**REQUIRED WORK:**
Each line from the one with "Quick and Healthy" through the last line of the material is to be printed exactly; no other line and no picture belongs in the copy.

**DATASET SECTION:**

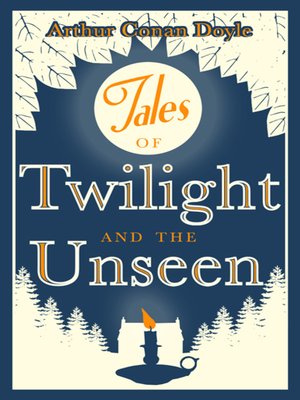 cover image of Tales of Twilight and Unseen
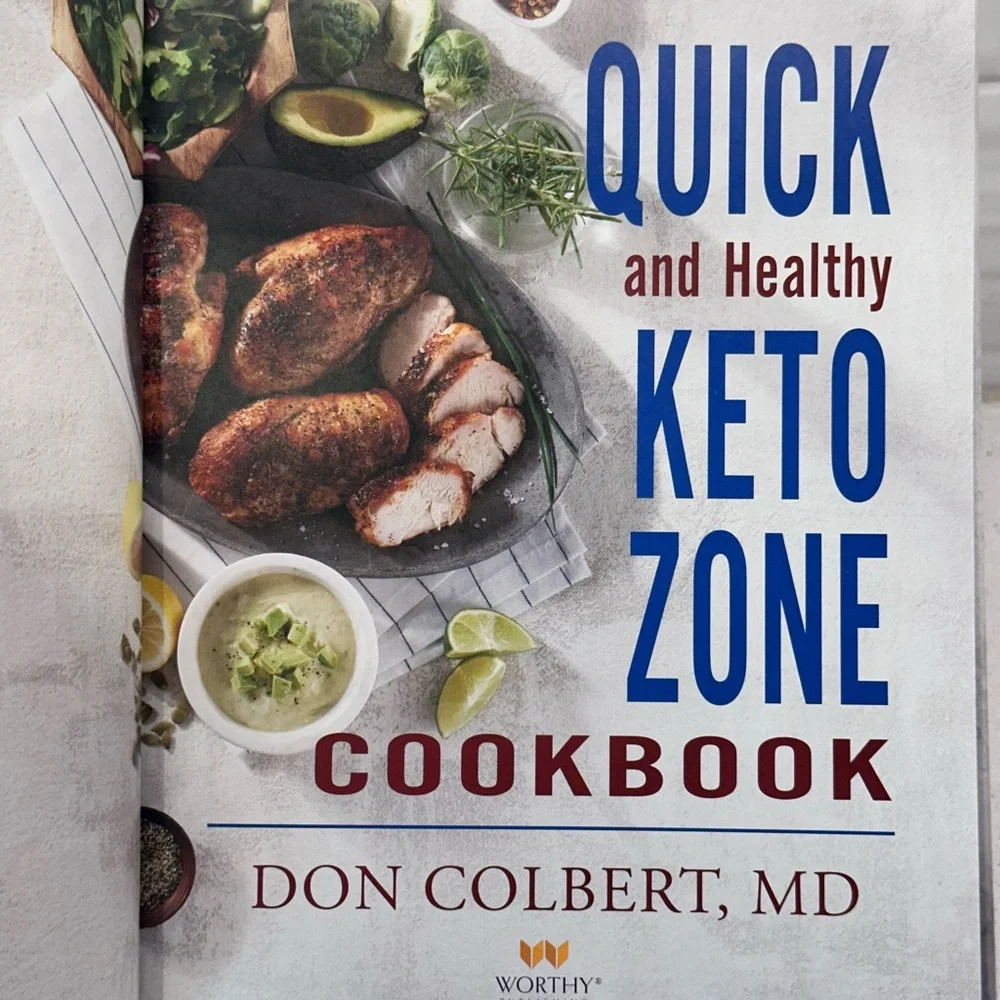 Quick and Healthy Keto Zone Cookbook by Don Colbert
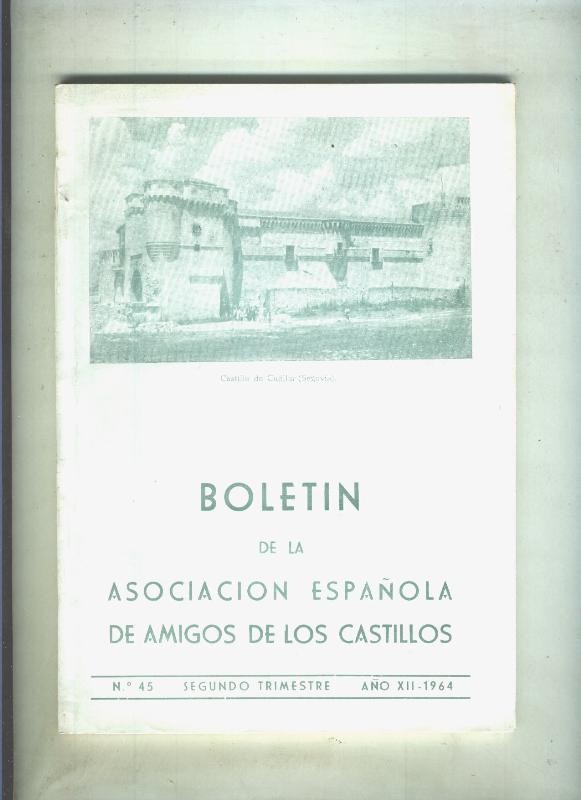 Boletin de la asociacion española de amigos de los castillos numero 45 (1964)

**WRITTEN ANSWER:**
 Quick and Healthy Keto Zone Cookbook by Don Colbert
 Boletin de la asociacion española de amigos de los castillos numero 45 (1964)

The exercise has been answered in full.